|Tonami lentil soup (because I don't have a picture of Tony or Amira).|
It's not every day that a near stranger lifts his shirt to flash me but it wasn't long after meeting Tony Barbari that he gave an eyeful.
The co-owner of Tonami Lebanese Cuisine wasn't being cheeky. He was simply showing me that human flesh is no match for shrapnel. Each scar on his bulbous belly, his arms, his chest serve as a constant reminder of how harsh life can be and the risks we take for love.
The discolourations, the rough, uneven skin, almost papery in places, that grew over his wounds, are the result of being injured in a bomb strike during Lebanon's civil war in the 1990s. Tony was on his way to deliver flowers to the woman who won his heart and who now shares his kitchen, Amira, when death toyed with him but ultimately took mercy.
Now living in St. Catharines, worlds and years away from the reality that once was, Tony has once again been taken by surprise by something I can only imagine must be just as frightening.
He is trying to rid his body of cancer and quite simply, I'm sad for him.
Tonami has been a lunchtime staple of mine since the restaurant opened on King Street next to Market Square in St. Catharines in 2007. That surprising moment of openness when Tony showed me what war did to him physically happened while I was interviewing him for a feature about newcomers to Niagara for the paper at which I was a reporter.
I was gripped for more than an hour as he told me his arrival in Canada this time around was his second attempt at trying to become a Canadian after he was beckoned back to war-torn Lebanon from Montreal as a much younger man to take care of his aging parents. The silver lining was that he met Amira, the love of his life who would one day become his life partner.
Then he fed me. Falafel, tabbouleh, stuffed grape leaves, hummus, baba ganoush and pita. A plate piled full. As I chewed, he told me how he just wanted to feed people good food and make them happy. How he couldn't wait until Amira, held up by violence in Lebanon at the time, would join him. How they would finally build the safe, secure life they always wanted in Canada. In St. Catharines, no less.
Ever since, it's been a rare week that I haven't stopped in for my usual: lentil soup and tabbouleh. Not only is it one of the rare lunches I can get for less than $6, it's just so good. I crave it. Their soup, with its splash of lemon juice is a favourite of so many I know and to those I've recommended it to, well, they've reported back with zeal and certainty that it's the best lentil soup they've ever had.
The real treat about going in the restaurant or visiting them at their stall at Market Square on market days has been the conversation. The life updates. The vacation plans — Tony and Amira have a ritual of going to Cuba in the winter now — the job changes (mine, anyway). We usually sign off with Tony passing me a piece of baklava on the sly.
"You're too good to me," I tell him.
He just waves me off and smiles.
Or blows me a kiss and wishes me well as I call it a day at the office and pass him on the street while he ushers in closing time at Tonami with a cigarette at the back door.
He has been a fixture in my eating experiences but he was noticeably absent last week when I returned from vacation and headed to the market to make up for lost time I accrued on holiday with some of that lentil soup and tabbouleh.
Amira was minding the stall with some friends and the restaurant, usually open, was closed for the day.
"Where's Tony today? Did he take the day off?" I joked, knowing full well that where there's Amira, Tony isn't far behind and vice versa.
Her expression became heavy, the smile, not normally as easy as usual, vanished.
"He is in the hospital," she told me.
Tony had been feeling pains in his shoulder and it turned out to be cancer knocking. He was undergoing chemotherapy to do away with the evil that this disease is.
I felt like a tool for suggesting he might be taking it easy that day, realizing he had it harder than most at that moment. I began to awkwardly root around in my purse for my cash that had fallen into what seemed like the deepest, most unreachable corner — one that I was starting to wish I could crawl into. As I did, I could hear Amira tell the women with her how I was one of their first friends in the city, ever since I did that interview where Tony revealed so much.
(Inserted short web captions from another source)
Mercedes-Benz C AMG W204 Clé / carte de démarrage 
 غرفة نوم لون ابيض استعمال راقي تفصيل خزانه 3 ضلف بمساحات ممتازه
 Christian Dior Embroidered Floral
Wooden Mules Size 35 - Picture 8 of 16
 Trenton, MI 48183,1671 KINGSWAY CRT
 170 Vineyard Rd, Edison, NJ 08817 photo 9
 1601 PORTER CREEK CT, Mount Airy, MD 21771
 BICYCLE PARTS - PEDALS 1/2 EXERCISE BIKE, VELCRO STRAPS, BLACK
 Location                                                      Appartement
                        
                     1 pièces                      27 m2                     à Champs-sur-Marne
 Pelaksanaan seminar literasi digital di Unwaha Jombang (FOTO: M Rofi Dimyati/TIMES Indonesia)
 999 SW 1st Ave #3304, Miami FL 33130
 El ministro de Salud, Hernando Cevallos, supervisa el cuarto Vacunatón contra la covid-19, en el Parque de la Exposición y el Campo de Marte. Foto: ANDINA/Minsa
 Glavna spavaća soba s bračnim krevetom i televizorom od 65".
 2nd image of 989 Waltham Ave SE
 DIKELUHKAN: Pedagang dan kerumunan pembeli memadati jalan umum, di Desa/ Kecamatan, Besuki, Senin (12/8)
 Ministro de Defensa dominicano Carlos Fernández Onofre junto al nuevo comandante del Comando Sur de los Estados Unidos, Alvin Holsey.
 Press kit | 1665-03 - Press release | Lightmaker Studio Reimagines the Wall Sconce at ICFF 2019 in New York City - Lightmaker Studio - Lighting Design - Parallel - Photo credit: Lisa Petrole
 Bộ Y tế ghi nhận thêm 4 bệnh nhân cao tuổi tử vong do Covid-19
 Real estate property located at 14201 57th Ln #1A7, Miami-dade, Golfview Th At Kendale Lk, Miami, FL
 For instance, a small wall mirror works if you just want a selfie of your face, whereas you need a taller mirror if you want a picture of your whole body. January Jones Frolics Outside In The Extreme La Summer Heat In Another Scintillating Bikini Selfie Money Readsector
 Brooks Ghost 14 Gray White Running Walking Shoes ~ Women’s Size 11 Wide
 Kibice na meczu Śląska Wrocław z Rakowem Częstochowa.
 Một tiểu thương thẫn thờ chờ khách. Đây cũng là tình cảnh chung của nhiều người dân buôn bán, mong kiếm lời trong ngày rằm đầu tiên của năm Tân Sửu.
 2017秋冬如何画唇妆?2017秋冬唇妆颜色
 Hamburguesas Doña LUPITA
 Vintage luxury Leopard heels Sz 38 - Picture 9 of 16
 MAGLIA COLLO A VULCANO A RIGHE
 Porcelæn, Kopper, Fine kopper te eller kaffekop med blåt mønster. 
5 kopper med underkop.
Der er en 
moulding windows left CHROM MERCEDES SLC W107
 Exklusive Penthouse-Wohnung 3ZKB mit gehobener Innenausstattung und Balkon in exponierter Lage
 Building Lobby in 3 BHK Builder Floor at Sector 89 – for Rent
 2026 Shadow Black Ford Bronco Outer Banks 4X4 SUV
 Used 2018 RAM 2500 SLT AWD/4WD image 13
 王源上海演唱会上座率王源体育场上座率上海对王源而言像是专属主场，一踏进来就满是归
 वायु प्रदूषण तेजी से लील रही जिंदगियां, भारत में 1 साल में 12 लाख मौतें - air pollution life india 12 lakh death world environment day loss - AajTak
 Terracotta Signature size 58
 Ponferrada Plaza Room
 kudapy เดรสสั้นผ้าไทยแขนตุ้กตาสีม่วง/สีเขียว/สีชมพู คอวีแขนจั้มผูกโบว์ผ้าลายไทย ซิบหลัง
For years, the story I wrote was taped to a window in the vestibule of the restaurant, the newsprint yellowing and becoming brittle. I never thought much about it. People often hung up stories written about them in the paper for a keepsake or, in the case of businesses, to help entice more customers. I didn't think there was anything more to my story being there than that. But clearly to them, it was much more.
I checked in with Amira today and to fix another craving for lentil soup. Tony is weak and doesn't have much energy for talking, she said. He's tired and being kept company by the couple's two cats while she's slugging falafels. He'll be back in the hospital tomorrow for more chemo.
She seems so sad. I wish there was more I could do than buy lentil soup and tell her to let Tony know I'm thinking about him. But that's all I can do.
If you can, too, I know they'd be so appreciative. And when ordering what I'm willing to bet will be the best lentil soup you've ever had, give Amira a high five (or a friendly smile) and tell her to pass it on to Tony.
He needs it right now. They both do.